● PROBLEM DESCRIPTION: Reproduce the entire listing below verbatim.

● DATA FOR THIS EXERCISE:
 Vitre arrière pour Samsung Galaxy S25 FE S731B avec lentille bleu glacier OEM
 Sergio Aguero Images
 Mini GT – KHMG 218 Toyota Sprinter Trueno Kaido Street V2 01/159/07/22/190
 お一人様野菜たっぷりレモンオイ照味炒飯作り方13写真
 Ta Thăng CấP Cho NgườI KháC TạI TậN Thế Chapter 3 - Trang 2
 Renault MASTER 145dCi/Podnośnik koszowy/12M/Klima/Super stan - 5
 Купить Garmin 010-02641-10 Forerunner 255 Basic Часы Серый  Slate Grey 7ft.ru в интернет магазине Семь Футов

● OUTPUT OF THE TASK:
 Vitre arrière pour Samsung Galaxy S25 FE S731B avec lentille bleu glacier OEM
 Sergio Aguero Images
 Mini GT – KHMG 218 Toyota Sprinter Trueno Kaido Street V2 01/159/07/22/190
 お一人様野菜たっぷりレモンオイ照味炒飯作り方13写真
 Ta Thăng CấP Cho NgườI KháC TạI TậN Thế Chapter 3 - Trang 2
 Renault MASTER 145dCi/Podnośnik koszowy/12M/Klima/Super stan - 5
 Купить Garmin 010-02641-10 Forerunner 255 Basic Часы Серый  Slate Grey 7ft.ru в интернет магазине Семь Футов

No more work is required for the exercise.